Delta-net: Real-time Network Verification Using Atoms

Real-time network verification promises to automatically detect violations of network-wide reachability invariants on the data plane. To be useful in practice, these violations need to be detected in the order of milliseconds, without raising false alarms. To date, most real-time data plane checkers address this problem by exploiting at least one of the following two observations: (i) only small parts of the network tend to be affected by typical changes to the data plane, and (ii) many different packets tend to share the same forwarding behaviour in the entire network. This paper shows how to effectively exploit a third characteristic of the problem, namely: similarity among forwarding behaviour of packets through parts of the network, rather than its entirety. We propose the first provably amortized quasi-linear algorithm to do so.
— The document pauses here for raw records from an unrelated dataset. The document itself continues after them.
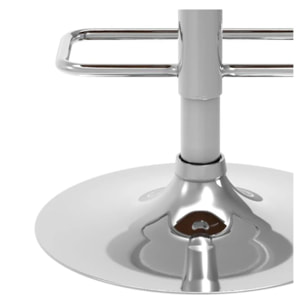 Chaise de bar réglable et pivotante en bois foncé et PU blanc 56/77 cm - Georges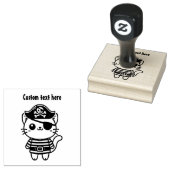 Pirate Cat Rubberstempel (Gestempeld)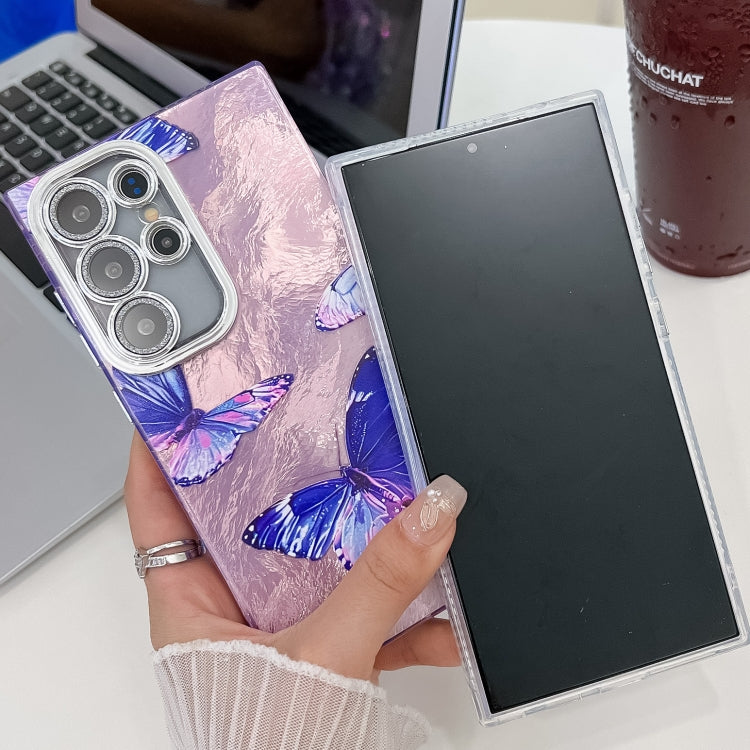 Plating Texture Butterfly TPU Phone Case with Glitter Lens Film
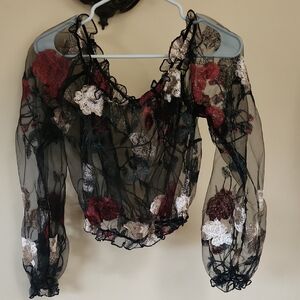 Floral Sheer Black Top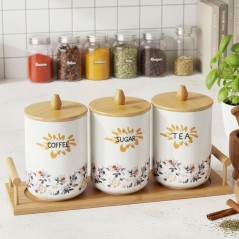 Set de 3 Bocaux Cuisine avec Support en Bois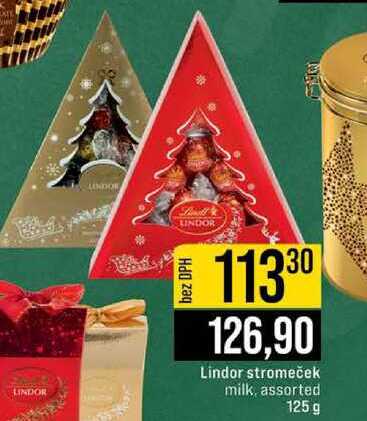 Lindor stromeček milk, assorted 125 g 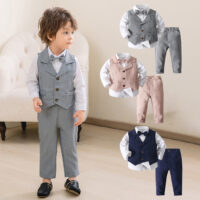 3 Pieces Set Baby Kid Boys Solid Color Bow Shirts Vests Waistcoats And Pants Wholesale 221216290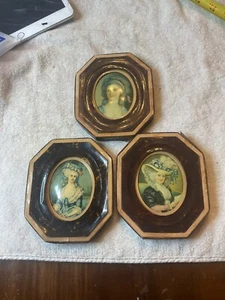 Set 3 Vintage  Octagonal Victorian Ladies Prints Framed Small - Picture 1 of 11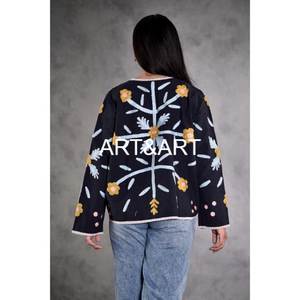 Veste matelassée courte bord à bord unisexe en coton, respirante et écologique, brodée Suzani Automne - Product Image 5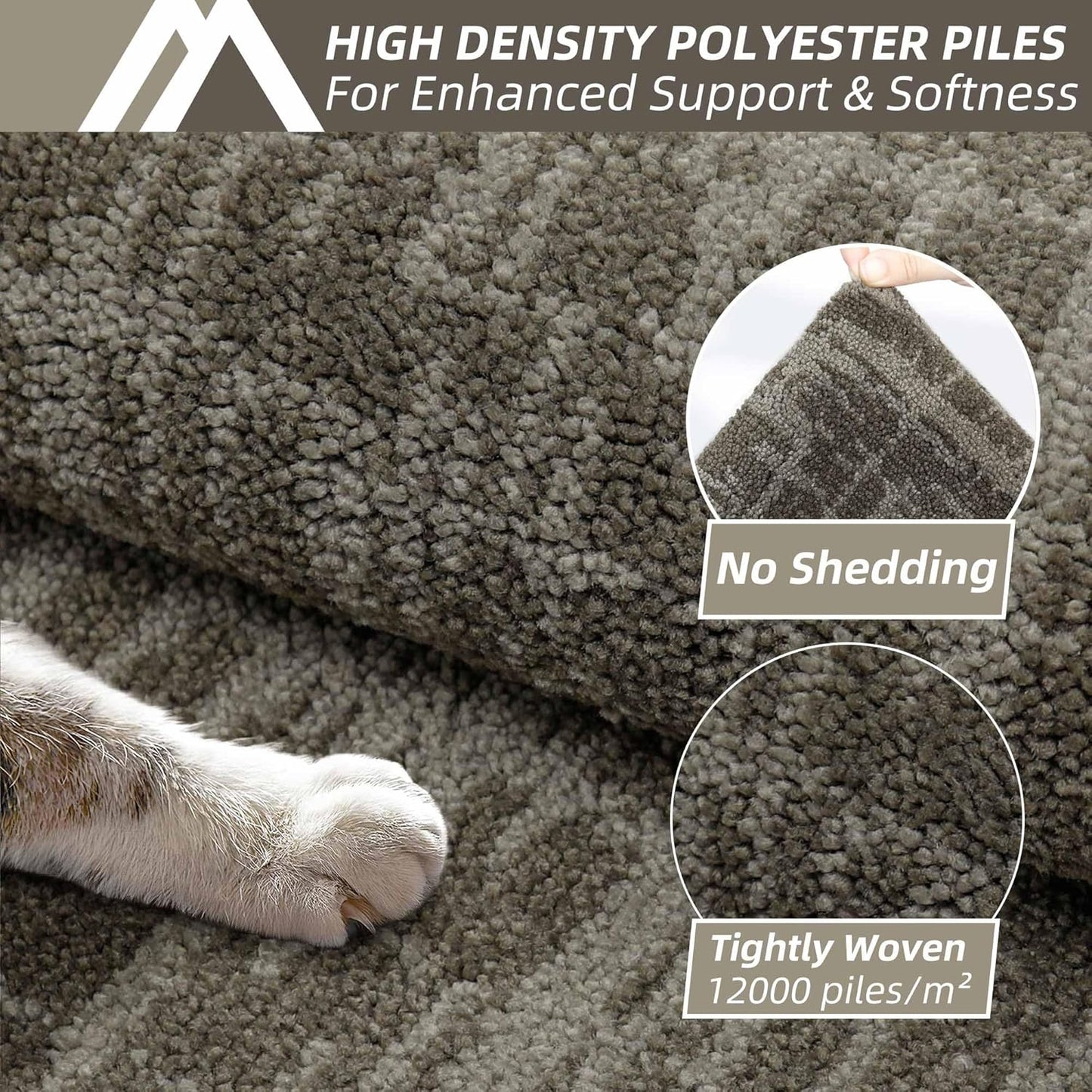 COSY HOMEER Kitchen Rugs Non Slip Washable 24"x36"+24"x60" Absorbent Soft Kitchen Mats for Floor Polyester Kitchen Runner Rug Sets of 2 Kitchen Floor Mats for Sink Mat,Hallway,Laundry,Light Brown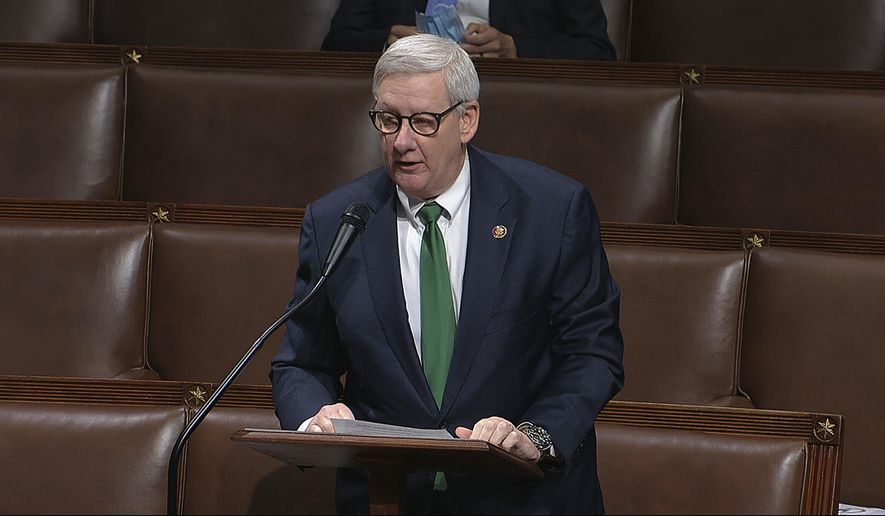 In this image from video, Rep. Paul Mitchell, R-Mich., speaks on the floor of the House of Representatives at the U.S. Capitol in Washington, Thursday, April 23, 2020. Mitchell said Monday, Dec. 14, 2020 he is leaving the Republican Party and becoming an independent to protest efforts to overturn Democrat Joe Biden's victory over President Donald Trump. (House Television via AP)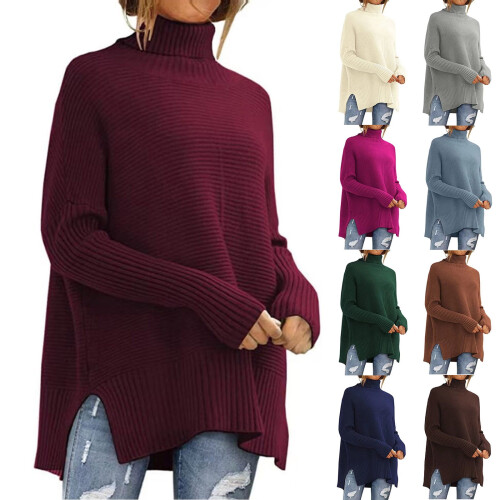 Damen-Winterpullover, einfarbig, locker gestrickt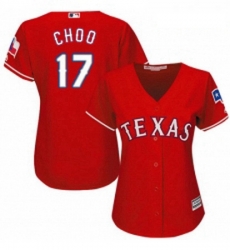 Womens Majestic Texas Rangers 17 Shin Soo Choo Replica Red Alternate Cool Base MLB Jersey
We implement our algorithm in a new real-time data plane checker, Delta-net. Our experiments with SDN-IP, a globally deployed ONOS software-defined networking application, and several hundred million IP prefix rules generated using topologies and BGP updates from real-world deployed networks, show that Delta-net checks a rule insertion or removal in approximately 40 microseconds on average, a more than 10x improvement over the state-of-the-art. We also show that Delta-net eliminates an inherent bottleneck in the state-of-the-art that restricts its use in answering Datalog-style “what if” queries.